A recent Jacksonville Business Journal article, JEA Shakes Up Solar Policies, discusses how JEA’s new policies are helping to securing Florida’s future.

 

JEA unanimously approved Tuesday policies to increase the authority’s reliance on solar energy, to cut an incentive for homeowners to install solar panels and to create an incentive for homeowners to add storage batteries to their solar arrays.

JEA will add up to 250 megawatts of solar power to its energy portfolio. It is budgeting up to $50 million to buy land for solar farms, which could be operational by late 2019. This addition of solar power, which dwarfs the 50 megawatts currently produced by JEA, would make Jacksonville the largest solar community in the United States per capita, based on projections of other cities’ portfolios.
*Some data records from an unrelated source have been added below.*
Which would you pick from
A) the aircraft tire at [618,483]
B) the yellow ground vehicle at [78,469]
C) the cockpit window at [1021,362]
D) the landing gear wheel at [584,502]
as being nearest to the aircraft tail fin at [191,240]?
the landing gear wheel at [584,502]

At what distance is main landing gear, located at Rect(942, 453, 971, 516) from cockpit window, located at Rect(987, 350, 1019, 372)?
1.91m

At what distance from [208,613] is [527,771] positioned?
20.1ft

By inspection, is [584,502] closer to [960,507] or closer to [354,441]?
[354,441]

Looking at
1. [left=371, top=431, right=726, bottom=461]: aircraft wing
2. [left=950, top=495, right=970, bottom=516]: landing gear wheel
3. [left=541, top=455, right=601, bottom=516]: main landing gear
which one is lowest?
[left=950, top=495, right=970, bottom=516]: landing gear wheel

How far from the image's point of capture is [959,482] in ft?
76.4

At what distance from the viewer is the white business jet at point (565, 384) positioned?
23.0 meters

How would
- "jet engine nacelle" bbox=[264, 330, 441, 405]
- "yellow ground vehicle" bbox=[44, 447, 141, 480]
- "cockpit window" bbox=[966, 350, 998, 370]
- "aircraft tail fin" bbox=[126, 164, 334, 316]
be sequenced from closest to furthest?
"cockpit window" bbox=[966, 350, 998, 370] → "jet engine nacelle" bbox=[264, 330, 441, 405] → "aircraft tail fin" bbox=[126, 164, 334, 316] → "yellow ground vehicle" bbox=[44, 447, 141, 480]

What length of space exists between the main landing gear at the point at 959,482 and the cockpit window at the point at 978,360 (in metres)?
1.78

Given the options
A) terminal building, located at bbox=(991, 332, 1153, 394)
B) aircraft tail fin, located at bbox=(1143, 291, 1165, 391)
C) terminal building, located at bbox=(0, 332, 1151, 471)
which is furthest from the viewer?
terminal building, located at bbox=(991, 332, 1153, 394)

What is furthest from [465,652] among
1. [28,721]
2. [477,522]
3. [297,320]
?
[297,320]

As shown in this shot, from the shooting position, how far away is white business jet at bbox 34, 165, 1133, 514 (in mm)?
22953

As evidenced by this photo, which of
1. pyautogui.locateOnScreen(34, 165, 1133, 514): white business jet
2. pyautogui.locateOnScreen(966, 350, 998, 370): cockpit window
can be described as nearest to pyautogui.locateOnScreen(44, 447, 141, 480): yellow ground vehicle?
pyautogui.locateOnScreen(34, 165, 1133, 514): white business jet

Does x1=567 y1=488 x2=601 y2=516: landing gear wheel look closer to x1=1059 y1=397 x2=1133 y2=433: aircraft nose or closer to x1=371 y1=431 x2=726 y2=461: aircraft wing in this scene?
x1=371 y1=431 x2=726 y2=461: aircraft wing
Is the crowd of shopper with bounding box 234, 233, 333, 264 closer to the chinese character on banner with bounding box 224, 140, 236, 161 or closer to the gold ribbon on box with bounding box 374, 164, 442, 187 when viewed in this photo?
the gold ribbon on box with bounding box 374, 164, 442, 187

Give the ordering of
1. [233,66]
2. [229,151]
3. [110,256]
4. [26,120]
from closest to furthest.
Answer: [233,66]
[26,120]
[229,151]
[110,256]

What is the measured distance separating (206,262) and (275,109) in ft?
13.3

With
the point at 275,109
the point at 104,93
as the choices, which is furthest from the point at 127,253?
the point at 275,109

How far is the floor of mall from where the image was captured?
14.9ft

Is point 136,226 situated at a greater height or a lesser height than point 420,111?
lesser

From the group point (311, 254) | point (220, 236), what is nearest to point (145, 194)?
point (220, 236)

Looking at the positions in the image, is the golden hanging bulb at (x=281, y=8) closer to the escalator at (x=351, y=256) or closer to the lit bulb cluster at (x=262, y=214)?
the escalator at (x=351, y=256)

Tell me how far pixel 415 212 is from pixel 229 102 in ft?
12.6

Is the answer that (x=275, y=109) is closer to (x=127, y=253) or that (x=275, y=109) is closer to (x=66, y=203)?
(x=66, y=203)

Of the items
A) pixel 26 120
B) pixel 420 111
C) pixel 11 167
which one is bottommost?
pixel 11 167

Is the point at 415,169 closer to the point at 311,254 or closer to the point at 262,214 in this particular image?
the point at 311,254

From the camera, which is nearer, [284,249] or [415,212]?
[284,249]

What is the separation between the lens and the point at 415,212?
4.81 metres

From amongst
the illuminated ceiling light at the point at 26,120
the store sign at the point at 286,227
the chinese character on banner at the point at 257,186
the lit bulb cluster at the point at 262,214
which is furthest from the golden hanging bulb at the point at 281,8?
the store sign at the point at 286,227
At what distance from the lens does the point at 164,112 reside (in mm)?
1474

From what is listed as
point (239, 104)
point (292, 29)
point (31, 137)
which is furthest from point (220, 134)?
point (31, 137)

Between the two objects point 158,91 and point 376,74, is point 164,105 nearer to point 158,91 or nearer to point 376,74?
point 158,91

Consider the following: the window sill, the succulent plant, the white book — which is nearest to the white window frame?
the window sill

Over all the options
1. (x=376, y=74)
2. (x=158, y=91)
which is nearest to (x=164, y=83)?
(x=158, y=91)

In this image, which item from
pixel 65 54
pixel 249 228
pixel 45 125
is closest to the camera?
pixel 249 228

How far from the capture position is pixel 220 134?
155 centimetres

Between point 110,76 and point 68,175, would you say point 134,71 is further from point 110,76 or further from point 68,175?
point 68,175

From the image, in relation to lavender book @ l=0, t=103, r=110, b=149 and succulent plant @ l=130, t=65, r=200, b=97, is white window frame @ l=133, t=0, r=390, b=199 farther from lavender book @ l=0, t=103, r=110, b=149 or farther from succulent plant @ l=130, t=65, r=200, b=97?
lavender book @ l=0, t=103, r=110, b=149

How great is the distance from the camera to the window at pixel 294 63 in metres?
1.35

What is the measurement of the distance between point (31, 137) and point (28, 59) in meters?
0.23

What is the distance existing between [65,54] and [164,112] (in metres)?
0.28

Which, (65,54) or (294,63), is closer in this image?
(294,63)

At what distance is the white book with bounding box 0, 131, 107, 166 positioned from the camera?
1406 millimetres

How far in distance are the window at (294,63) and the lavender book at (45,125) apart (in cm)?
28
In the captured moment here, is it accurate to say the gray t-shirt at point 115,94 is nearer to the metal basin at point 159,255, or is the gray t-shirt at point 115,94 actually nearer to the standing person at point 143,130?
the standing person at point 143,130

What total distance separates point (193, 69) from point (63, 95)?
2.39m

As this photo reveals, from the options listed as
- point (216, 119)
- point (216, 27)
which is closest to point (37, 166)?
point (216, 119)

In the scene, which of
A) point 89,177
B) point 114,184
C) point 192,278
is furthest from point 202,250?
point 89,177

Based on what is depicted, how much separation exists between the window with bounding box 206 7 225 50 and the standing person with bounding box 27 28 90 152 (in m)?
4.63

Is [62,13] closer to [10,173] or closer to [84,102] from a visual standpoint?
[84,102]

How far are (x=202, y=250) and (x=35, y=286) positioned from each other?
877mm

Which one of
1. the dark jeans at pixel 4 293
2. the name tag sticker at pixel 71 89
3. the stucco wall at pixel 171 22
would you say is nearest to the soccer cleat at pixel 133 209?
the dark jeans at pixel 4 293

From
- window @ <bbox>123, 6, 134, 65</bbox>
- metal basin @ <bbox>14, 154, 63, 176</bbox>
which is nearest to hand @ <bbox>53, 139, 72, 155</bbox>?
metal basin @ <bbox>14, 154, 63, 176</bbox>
JEA staff members lauded solar power in their presentation to the board of directors. They noted that solar power had reached price parity with fossil fuel generation and that JEA customers are increasingly adding solar panels to their homes. The cost to install solar systems has fallen 70 percent since 2010, leading to a 68 percent annual growth rate for the industry nationwide, according to data from the Solar Energy Industries Association.

Yet, JEA is rolling back net metering benefits that homeowners rely upon to justify the high upfront cost of solar system installation. Under the current net metering policy, which began in 2009, homeowners with solar systems receive $0.10 per kilowatt hour of energy that they produce above their consumption. Starting Apr. 1, this will roll back to just over $0.03 per kilowatt hour. However, those currently receiving the $0.10 payout will be grandfathered in for the next 20 years.